Politisch ein Desaster und menschlich eine Schande
Die Bundesregierung bringt deutsche Botschaftsangehörige hastig außer Landes – und lässt ihre afghanischen Helfer mit viel Bürokratie dabei allein. Ein Kommentar. Von Lorenz Maroldt
Was gerade in Afghanistan passiert, ist politisch ein Desaster und menschlich eine Schande:
22.500 Liter Bier, Wein und Sekt schleppten die deutschen Soldaten unter dem Kommando von Verteidigungsministerin Annegret Kramp-Karrenbauer bei ihrem Abzug nach Hause – aber ihren afghanischen Helfern hinterließ die Bundesregierung einen Pflichtkurs in Berliner Bürokratie: Antragsberechtigt für die Einreise nach Deutschland war nur, wer
+ eine „individuelle Gefährdung“ nachweisen konnte (wie wäre es mit einem von den Taliban beglaubigten Eintrag in eine Todesliste?)

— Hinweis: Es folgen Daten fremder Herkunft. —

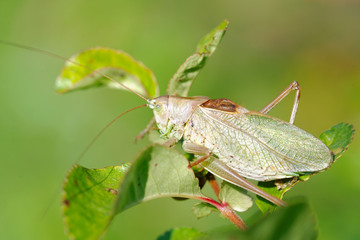 Grasshopper (Tettigonia cantans)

+ in den vergangenen zwei Jahren für die Bundeswehr tätig war (von insgesamt zwanzig)
+ nicht über ein Subunternehmen den deutschen Soldaten zu Diensten war (Outsourcing in seiner perfidesten Form)
+ nicht für die deutsche Entwicklungshilfe oder andere Organisationen tätig war (gilt der Bundesregierung offenbar als „Gedöns“).
Aber auch wer das alles belegten konnte, hatte es noch längst nicht geschafft: Die Flugtickets für sich und ihre Familien sollten die Helfer gefälligst selbst bezahlen – doch dafür reichte es bei vielen nicht.
Noch bis vor kurzem galt die Devise: Dann sollen sie eben ins sichere Kabul gehen – da kommen die radikalen Islamisten schon nicht hin.